Depuis trente ans, c’est la même rengaine. A chaque nouveau rapport du Groupe d’experts intergouvernemental sur l’évolution du climat (GIEC) – le premier date de 1990 – le constat est le même. Ou pire encore. Les émissions de gaz à effet de serre continuent d’augmenter, les animaux se déplacent vers le nord, les feux de forêt, les périodes de sécheresses et les inondations sont plus nombreux, la montée des eaux et la fonte des glaciers se poursuivent, la banquise recule.
Et « si ne serait-ce qu’une infime partie du carbone présent dans les fonds marins de l’Arctique est libéré dans l’atmosphère, on est foutus », pour reprendre les propos on ne peut plus directs du climatologue américain Jason Box, qui a passé des années à étudier l’Arctique au Byrd polar and climate research center, dans l’Ohio.
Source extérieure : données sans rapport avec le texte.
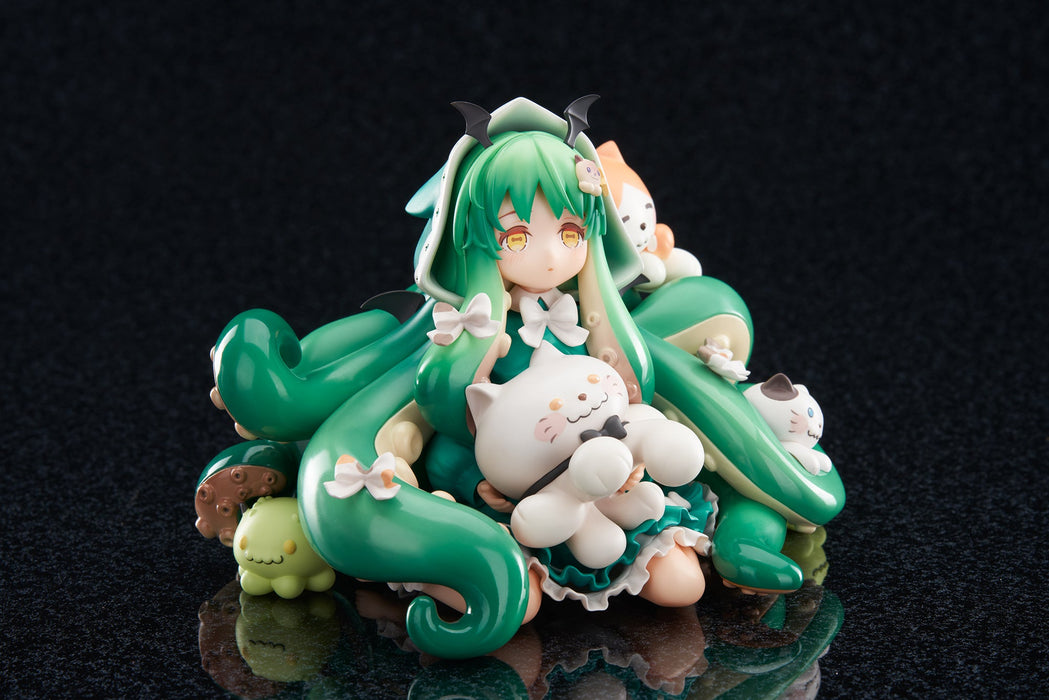 APEX Cthulhu Meowthulhu Pajamas Party Figure JAPAN OFFICIAL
If even a small fraction of Arctic sea floor carbon is released to the atmosphere, we’re f’d.
— Jason Box (@climate_ice) July 29, 2014
Les scientifiques multiplient les rapports, les conférences, les interviews et autres interventions publiques pour mettre en garde le public et les politiques. Mais bien souvent, ils ont l’impression de brasser de l’air. Les politiques évoluent peu. Tout comme les budgets consacrés à la protection de l’environnement.
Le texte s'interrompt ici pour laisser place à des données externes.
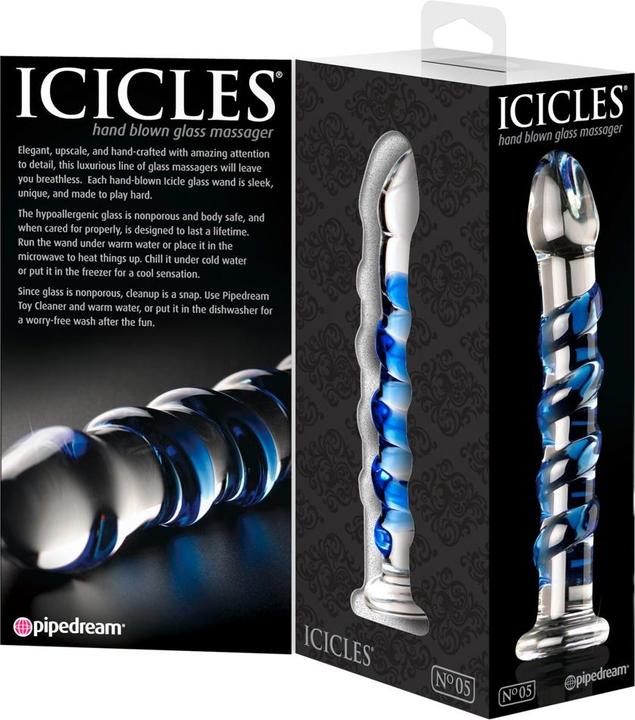Actual product image Icon Brands No. 5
Le découragement des scientifiques
« Les signaux ne sont pas à l’orange, ils sont tous au rouge clignotant. On écoute trop peu les scientifiques qui travaillent sur ces questions-là. Ce sont un peu les vigies en haut du mât qui avertissent de ce que les autres ne peuvent pas voir. On crie depuis quarante ans et le bateau va toujours dans la même direction », déplore Jean-Pascal van Ypersele, éminent climatologue belge, dans l’Echo.
Résultat, les scientifiques du climat ont le blues. Ils sont frustrés, découragés. Les témoignages se multiplient. « On a l’impression d’être toujours annonciateurs de mauvaises nouvelles », déplore Benjamin Sultan, directeur de recherche à l’Institut de recherche pour le développement (IRD), sur France Info.
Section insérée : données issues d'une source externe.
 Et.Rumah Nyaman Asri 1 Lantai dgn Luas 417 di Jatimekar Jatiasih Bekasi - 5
« Il y a un peu parfois l’impression d’observer une tragédie grecque. Vous savez ce qu’il va se produire et vous voyez les choses se produire », complète Valérie Masson-Delmotte, chercheuse en sciences du climat au laboratoire des sciences du climat et de l’environnement de Paris-Saclay, toujours sur France Info. Camille Parmesan, corédactrice des rapports du GIEC, s’est, quant à elle, publiquement déclarée en « dépression professionnelle » .
Un manque de reconnaissance
Toujours dans l’Echo, Celia Julia Sapart, chercheuse en climatologie et océanographie au Fonds de la recherche scientifique, explique qu’elle a un temps songé à arrêter la recherche. Elle raconte : « Il y a un tel manque de reconnaissance de notre métier. On ne nous dit jamais rien de positif, on doit tout le temps se battre, se défendre. On manque tellement de financement. Parfois, je me suis sentie seule, comme abandonnée de tous. Ça m’est arrivé d’en pleurer : après une mission de plusieurs mois en Antarctique – où les conditions sont très dures, où on a cumulé les problèmes techniques, où on est loin de ses proches –, je suis rentrée et j’ai croisé quelqu’un qui m’a dit « Ah ces histoires de changements climatiques, ça me fatigue ». Ça nous blesse, personnellement. C’est comme si tout notre investissement ne servait à rien. »
La littérature sur le sujet s’étoffe d’ailleurs également. L’an passé, l’environnementaliste Lesley Hughes a publié un article dans The Monthly intitulé « Quand la catastrophe planétaire est votre boulot quotidien ». Elle y raconte la motivation, mais aussi le désespoir des chercheurs devant la tâche qui leur incombe.
Déjà en 2014, la géographe australienne Lesley Head avait consacré une étude au moral des climatologues dans son pays. Dans le Monde, elle raconte que la plupart d’entre eux « insistaient sur la nécessité de ne pas laisser leur recherche être affectée par leurs émotions; ils cloisonnaient le plus possible travail et vie privée; ils employaient souvent l’humour pour dédramatiser… ».
Que faire pour ne pas nous laisser gagner par la déprime
Alors faudrait-il sombrer dans le désespoir ? Certainement pas ! Le score d’Europe-écologie-les Verts, aux élections européennes est encourageant. Les écologistes apparaissent comme la troisième force politique en France. A l’échelle mondiale, le poids des climato-sceptiques recule.